The end of a year somehow always catches one unprepared. It is not as if we are totally unaware of the progress of the year but rather that when we seriously start preparing for the festivities surrounding our Lord's birthday, we somehow find it hard to believe that December is here yet again. Sometimes it feels like the older one gets the faster a year speeds by.
In the throes of preparing for Christmas celebrations we are sometimes assuaged by times of self-reflecting. Thoughts about what had or hadn't been accomplished sporadically flash through one's mind (well, at least my mind - are there other people like that out there?) This time of introspection and (could I call it self-evaluation), is a positive time to reflect on the missed opportunities and future hopes and goals. I think it is important to reflect like this, not alone but with the Lord.

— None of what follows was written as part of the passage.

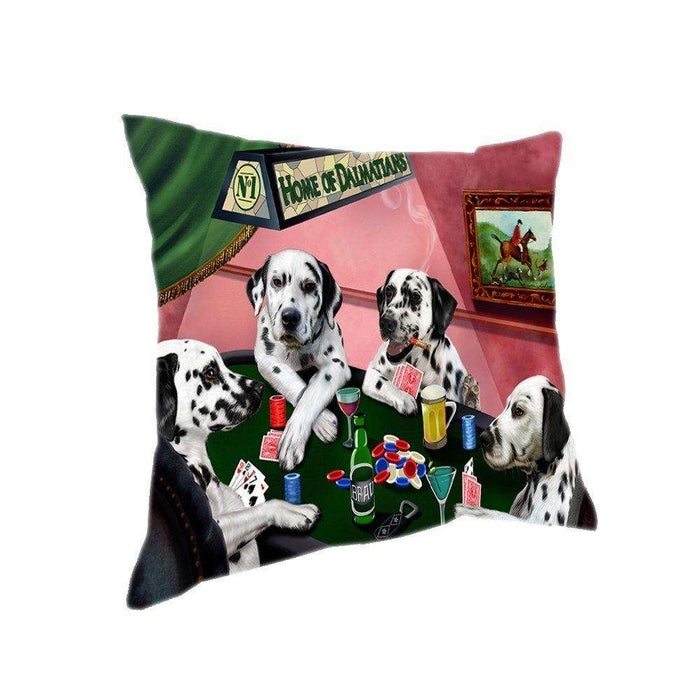Home of 4 Dalmatian Dogs Playing Poker Pillow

Sadly, this is also the time of the year where ‘burnout' victims increase - these are they that come to the end of all their strength: mental, emotional and physical. The human being (spirit, soul and body) comes to a point where everything collapses and crashes. Of course "burnout" is not restricted to this time of year only, but there is some connection between the end of the year to the end of one's tether.
Reflecting upon all this reminded me again of the two sisters who were special friends of Jesus: Mary and Martha. We've often heard and read about them. They have often been the subject of a teaching or sermon. We know that, according to Jesus, Mary chose the "better thing" to do as opposed to Martha. Now Martha did not do a BAD thing as such, what with working herself to the bone in serving the Lord, but she neglected the important thing of "waiting" upon the Lord. In a sense she was waitressing too much and waiting too little. I think that in time Martha would probably have experienced a burnout of some kind!
Thinking about these extraordinary two women made me reflect on another scripture verse found in Paul's letter to the Romans: "However, the Most High does not dwell in houses and temples made with hands..." (Romans 7:48).
The question today is a simple one: are you a candidate for burnout? One of the most important factors that will select you as a prime candidate is when you try to do all things in your own strength. Another is when the quantity of things you do for the Lord outweighs the quality. You can build hundreds of houses and hundreds of churches, you can establish thousands of ministries, but if you neglect your time with the Lord (your time of waiting upon the Lord) you stand a fairly good chance of burning yourself out.
If the Most High does not dwell in houses and temples made with hands, then where does He dwell? God dwells in the praises of His people (Psalm 22:3). If God dwells with us, then we can dwell in HIS HOUSE. If God dwells in us then we are HIS TEMPLE. Let us never forget to set time apart for the One Who deserves all our praise. God is not really interested in how much we do for Him, but rather how much time we spend with Him. Yes, we can talk to God while we are physically labouring, and we talk less to Him when we are mentally labouring. What God really appreciates is when we STOP EVERYTHING for Him - all the work, effort, labour, good intentions, motivations and attitudes - and simply sit at His feet having fellowship.
The cure for burnout is praise. May this thought be with you during this time of festivity and reflection. I also wish you a blessed time from God during this season of celebration and may God's will be fulfilled in every way in the New Year.